И вдруг, благодаря именно этому знанию, действительно глубже, острее начинаешь воспринимать, например, что и как говорит Кириллов о листе с дерева: «Я видел недавно желтый, немного зеленого, с краев подгнил. Ветром носило. Когда мне было десять лет, я зимой закрывал глаза нарочно и — представлял лист — зеленый, яркий с жилками, и солнце блестит. Я открывал глаза и не верил, потому что очень хорошо, и опять закрывал…» (Странное обаяние этого отрывка: хочется самому закрыть глаза, и действительно видишь это.)
Такой человек говорит о таком и — так (а завтра — самоубийство). Вот лучик от того солнца Достоевского.
«Повреждения ума, а не сердца», — запишет позже Достоевский и добавит (тут же): «Кирилловы». И еще: «Кириллов, русский идеалист» (25; 227).
В Кириллове «одна двадцатая» (т. е. логика, рассудок) пытается навязать себя целому, пытается узурпировать власть над этим целым, над всей натурой. Но какая неистовая жажда жизни у этого идейного, логического самоубийцы! Как не хочет он умирать!
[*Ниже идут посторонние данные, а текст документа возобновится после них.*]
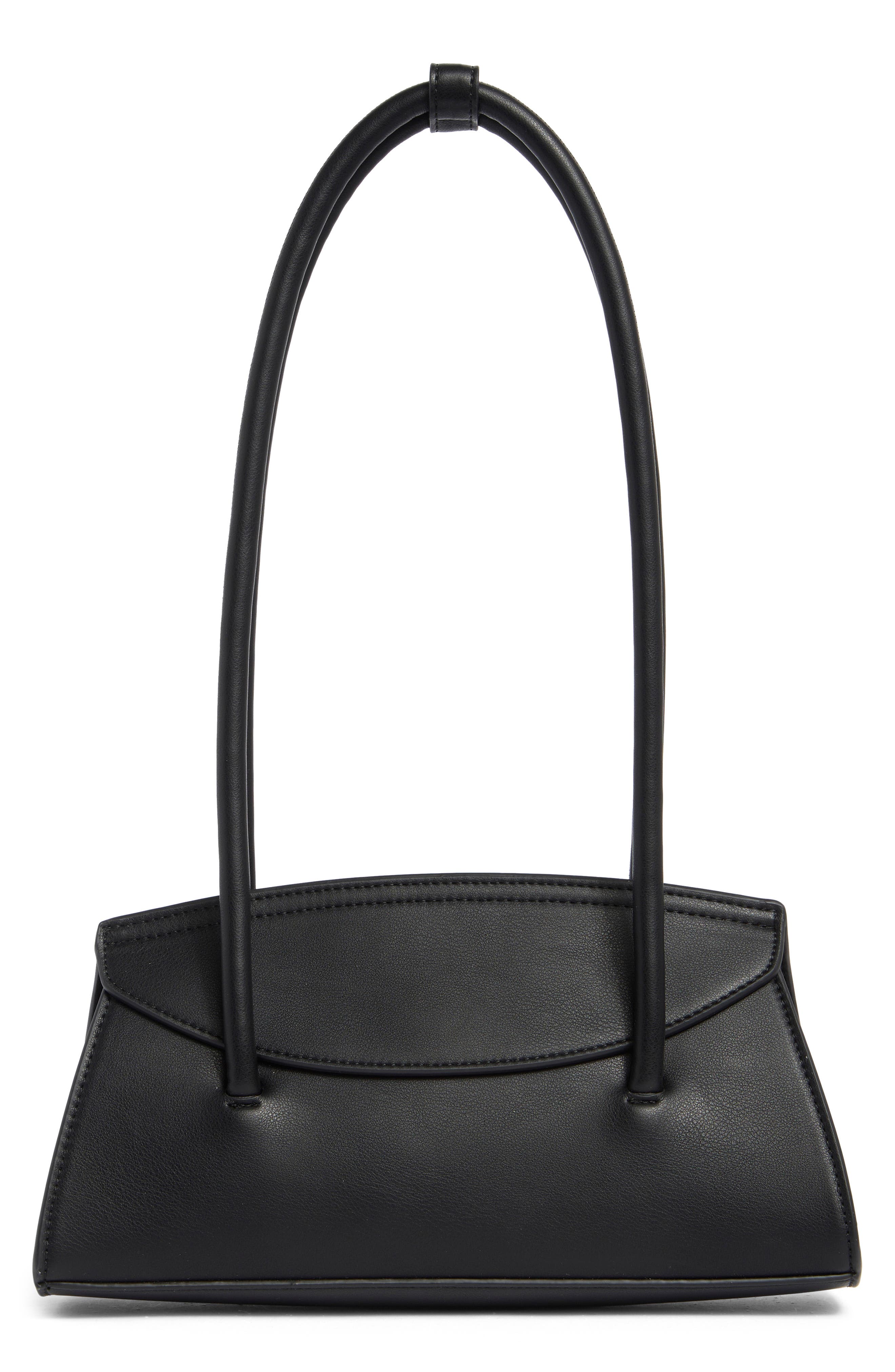 BCBG Structured East/West Shoulder Bag, Main, color, 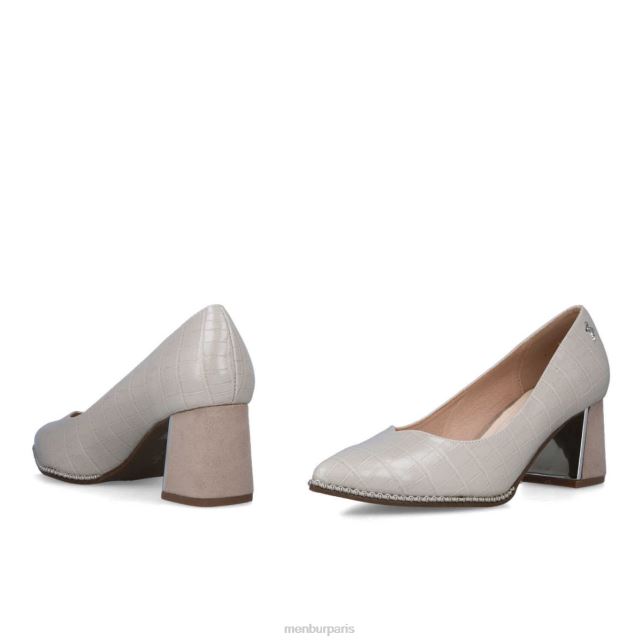 Menbur femmes arnit DVZ865888 talons moyens et bas beige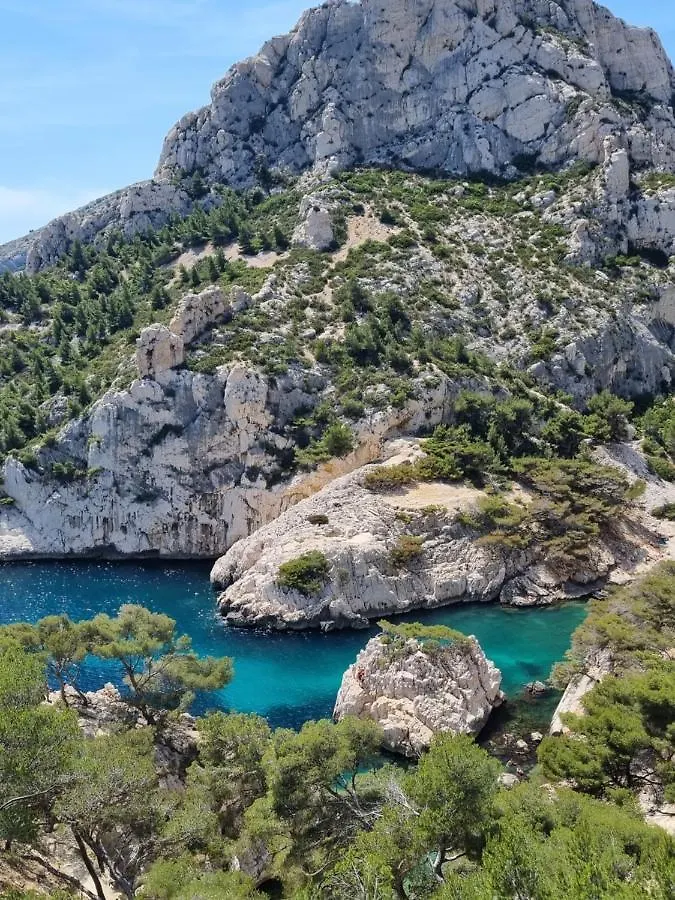 Σπίτι διακοπών Le Relais Perche - Vue Mer Et Ville Μασσαλία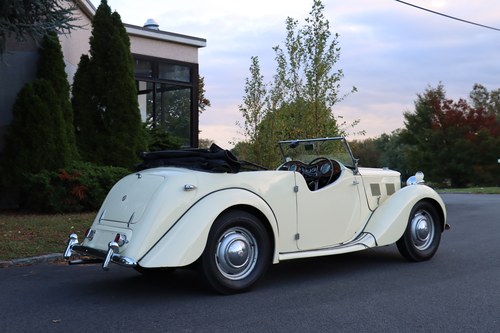 1950 MG Y-Type - 5
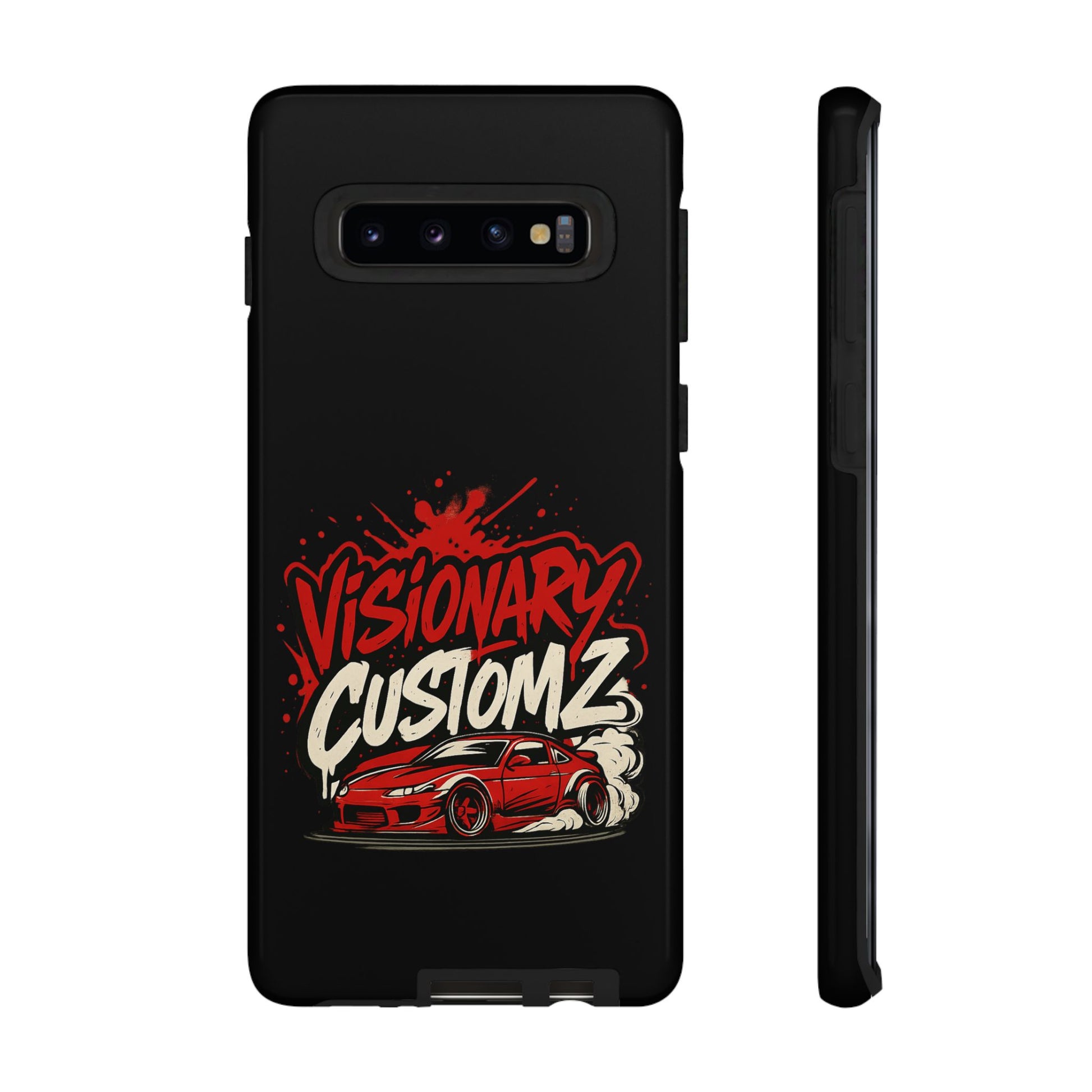 Visionary Customz Phone Case, Car Lover Accessory, Gift for Auto Enthusiasts, Customizable Phone Protection, Birthday Gift Idea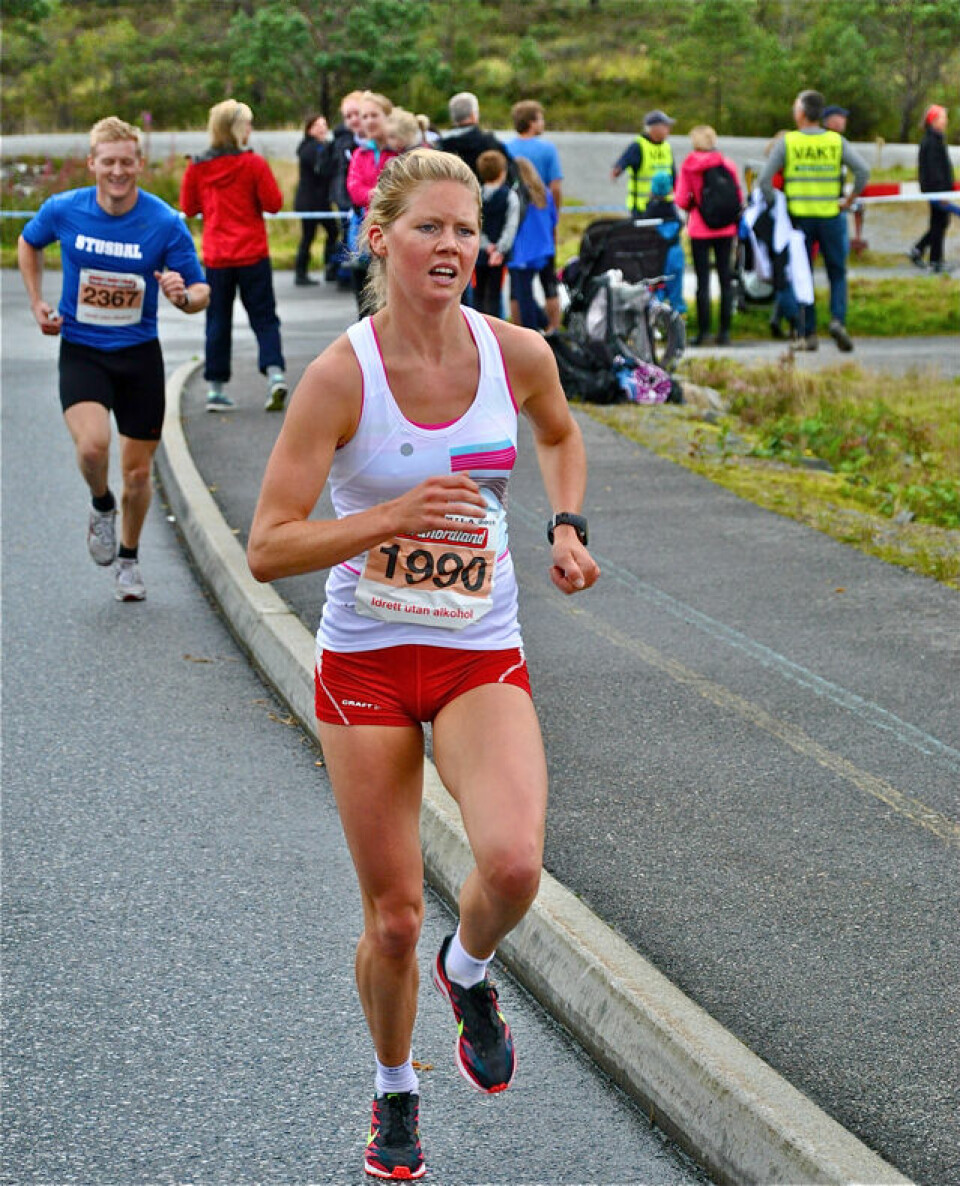 Rekordløp av Hovlandsdal på 5 km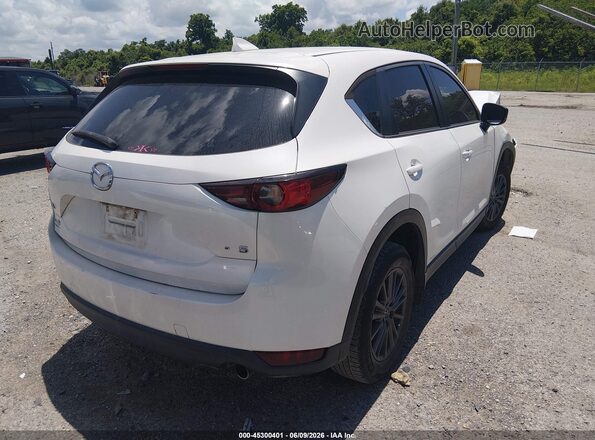 JM3KFACM9L0835330 2020 MAZDA CX-5 Белый Задняя правая четверть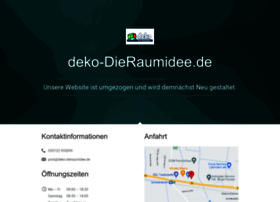 deko-dieraumidee.de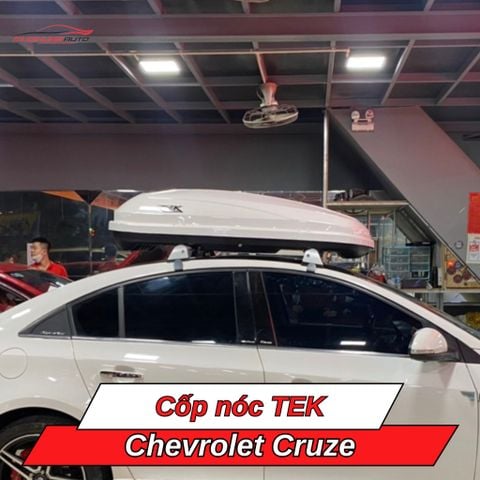 Cốp nóc TEK cho xe Chevrolet Cruze
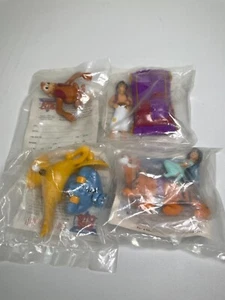 Nuevo en paquete Juguetes de comida vintage para niños Burger King 1992 Aladdin de Disney - Tú eliges - Imagen 1 de 9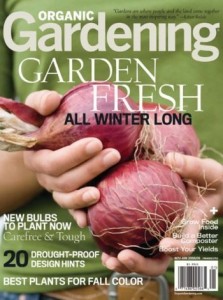 Organic Gardening: 1-year subscription Just $5.99!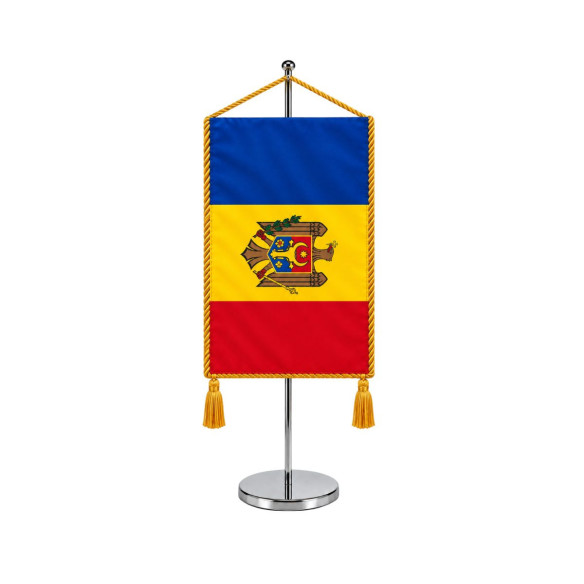 Fanion Moldova | Fabricat in Romania | Steag.ro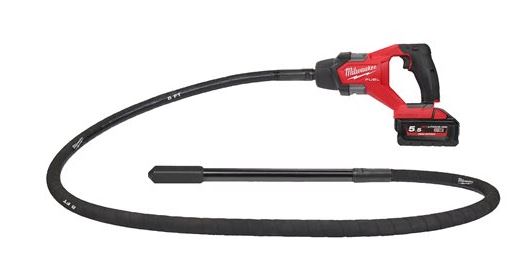 Battery Powered Vibrator 18V, 25 mm MILWAUKEE M18 FCVN 24-551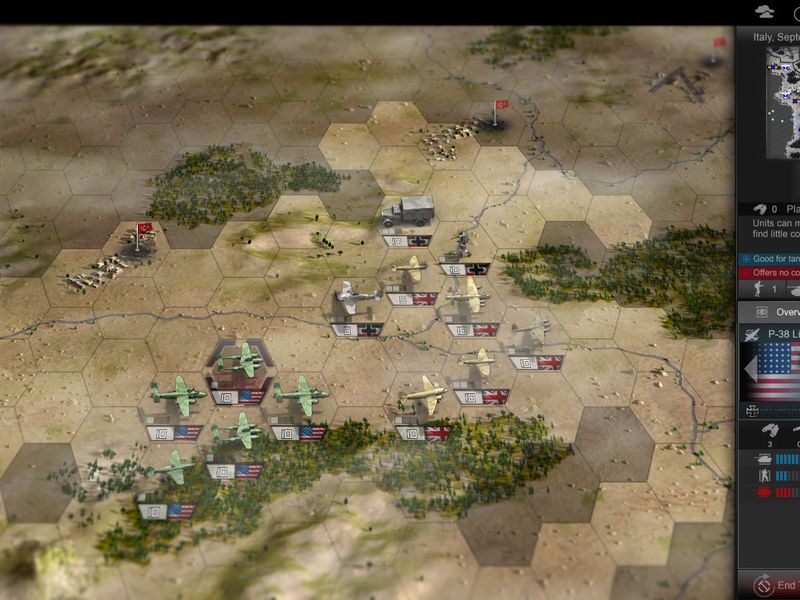 Panzer Tactics — скриншот 1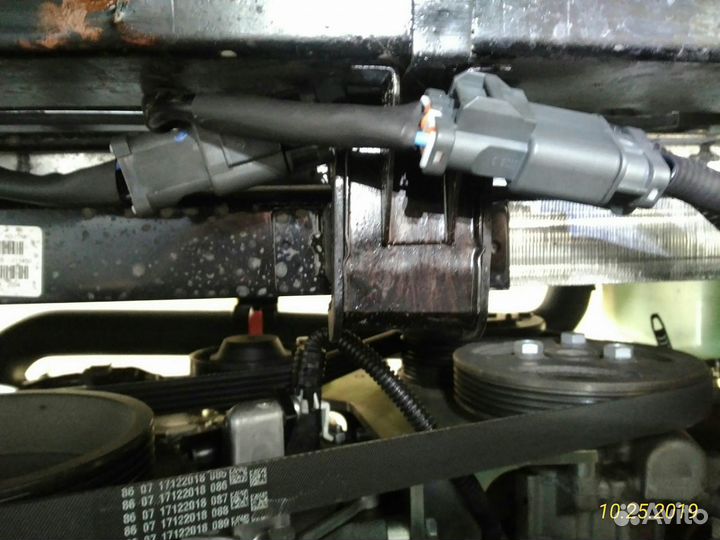 Герметичные разъемы электровентиляторов двиг Нива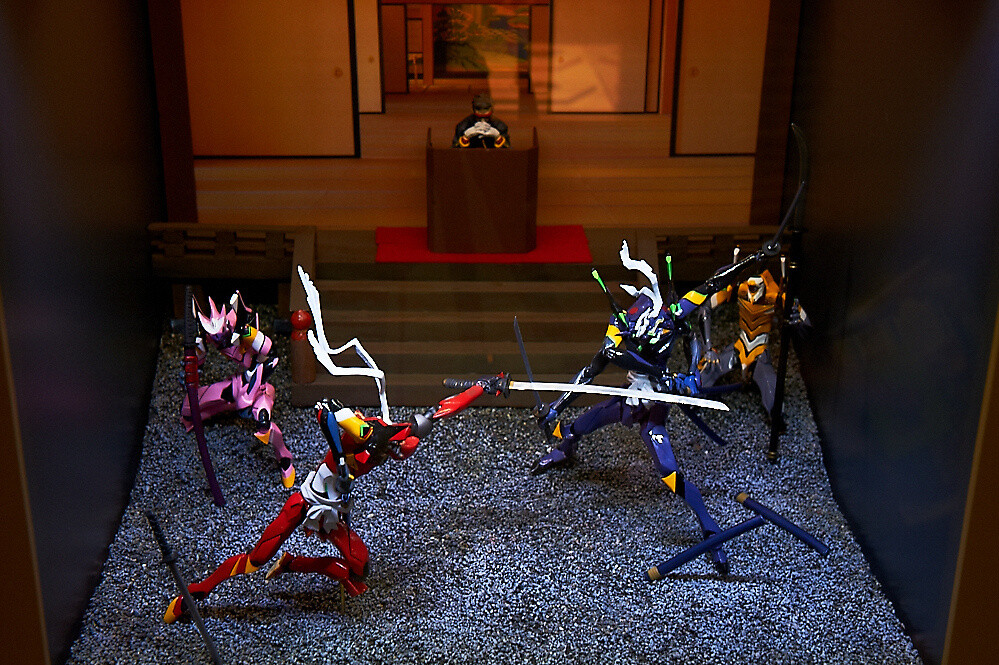 Evangelion Interpreted Through Modern Techniques! Bringing it to Life with Kaiyodo Figures [2/2] 0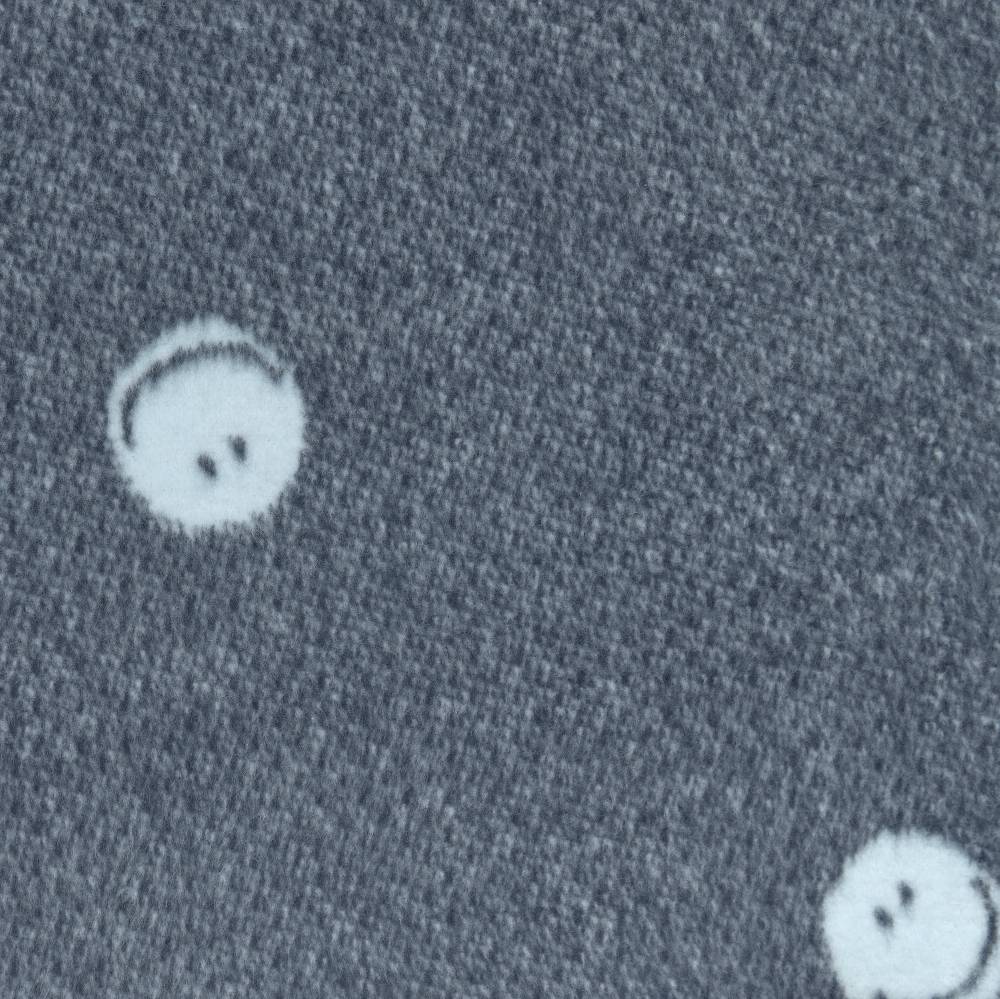 Lässig Babydecke - Bio Baumwolle, Blau zollfrei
Как сопротивляется его «идее», его «уму» поврежденному — его «сердце»! Жажда жизни его — та же самая, что в прорастающем семечке, раскалывающем камень. И как-то сердечнее понимаешь, сколько света в этом ночном человеке, почему любят его, тянутся к нему дети, почему он сам любит играть с девочкой: потому именно, что он любит жизнь, излучает эту любовь. И та же девочка — плачет, когда появляется духовно мертвый, «теплый», беспросветный Ставрогин…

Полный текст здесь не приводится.